Let $Q$ be the quiver $\bullet \to \bullet \to \bullet$. Then $$ \mathbb{C} \xrightarrow{f} \mathbb{C} \xrightarrow{g} \mathbb{C} \quad (1) \\ 0 \xrightarrow{0} \mathbb{C} \xrightarrow{0} 0 \quad (2) $$ are two representations of $Q$, where $f$ and $g$ are two non-zero maps. Is (2) a subrepresentation of (1)?
I am reading the paper. On page 23, the second line, the term $v_{2,-3}$ is not in the bracket of the right hand side of the equation. So it seems that (2) is not a subrepresentation of (1)?
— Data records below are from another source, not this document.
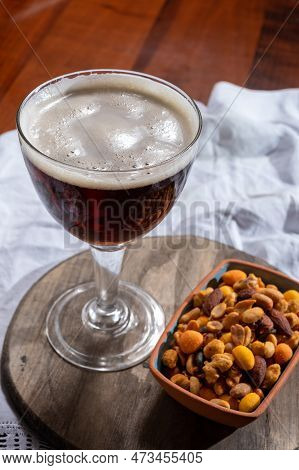 Glass Of Belgian Abbey Red Brown Beer And Glass Bowl With Party Nuts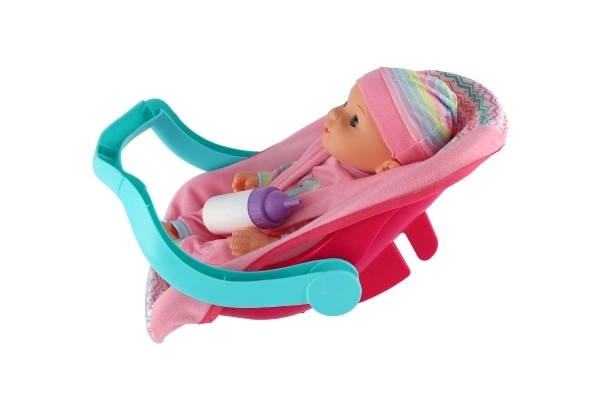 Poupée bébé 30cm en plastique dans un porte-bébé/siege auto avec biberon en blister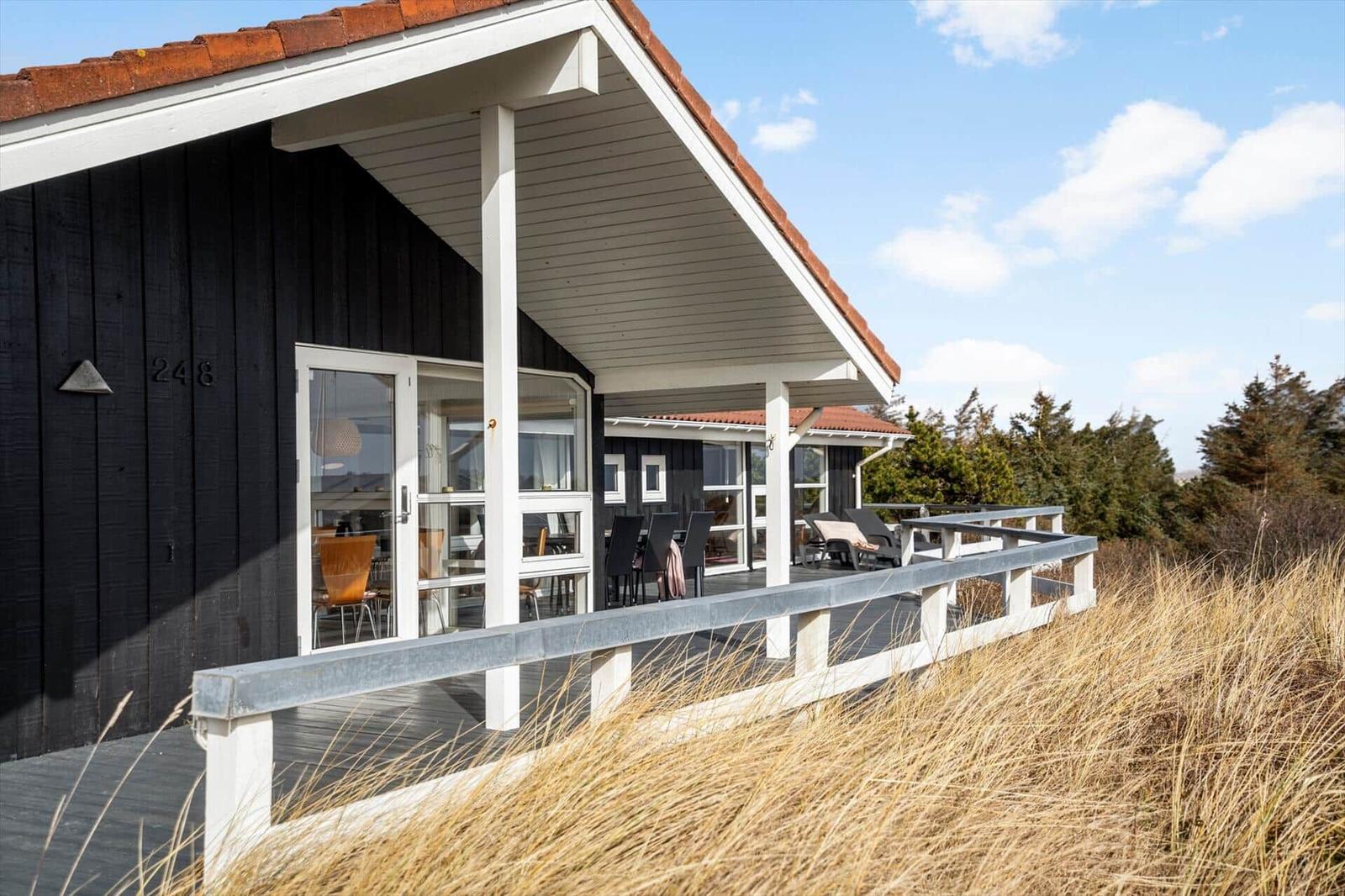 Moderne Villa mit Terrasse und Sitzgelegenheiten im Freien.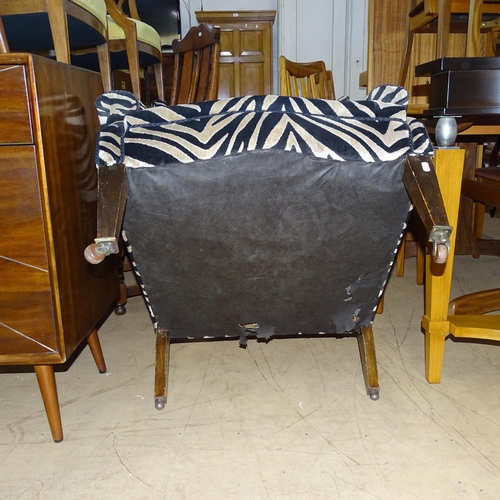 2177 - A Victorian wingback armchair with Zebra style upholstery.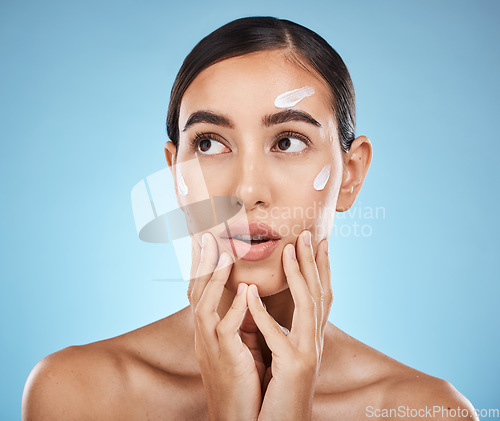 Image of Beauty cream, skin care and face of a woman with hands for dermatology, cosmetics and natural glow. Aesthetic model person with secret spa facial lotion for health and wellness on a blue background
The authors use the formula (14) in the end of page 18. Thank you very much.
The question amounts to understanding what a morphism of quiver representations is. If you identify $Q$ with the free category on this quiver, then a representation is just a functor $Q\to \operatorname{mod}\mathbb{C}$. A morphism of representations is then just a natural transformation between these two functors.
Spelling out what this means, a representation of the quiver $\bullet\to \bullet\to\bullet$ is a collection of three vector spaces $U$, $V$ and $W$ together with linear maps $f\colon U\to V$ and $g\colon V\to W$. If you have two such representations $U\stackrel{f}{\to} V\stackrel{g}{\to} W$ and $U'\stackrel{f'}{\to}V'\stackrel{g'}{\to}W'$, then a morphism from the first to the second is three linear maps $\alpha\colon U\to U'$, $\beta\colon V\to V'$, $\gamma\colon W\to W'$ such that the big commutative diagram you can draw commutes, i.e. you have $\beta f=f'\alpha$ and $\gamma g=g'\beta$. The first representation now is (isomorphic to) a subrepresentation of the other if and only if $\alpha, \beta, \gamma$ are injective.
In your case, there exists even no homomorphism from (2) to (1) since in your case $g'=0$ while $g\neq 0$. Hence, if you want $g\beta=\gamma g'=0$, then you need to have $\beta=0$. As $\alpha=\gamma=0$ since they are starting in the $0$-vectorspace it is clear that $\operatorname{Hom}_Q((2),(1))=0$. In particular, (2) cannot be a subrepresentation of (1).
As Hanno pointed out in the comments, (2) is a subrepresentation of a representation $U\stackrel{f}{\to} V\stackrel{g}{\to} W$ iff there is a homomorphism from (2) to this representation (this is clear since (2) is a simple representation, hence any non-zero morphism starting in (2) is a monomorphism) iff $g$ has a non-zero kernel (which you can check easily by writing down what the definition of a morphism of quiver representations is).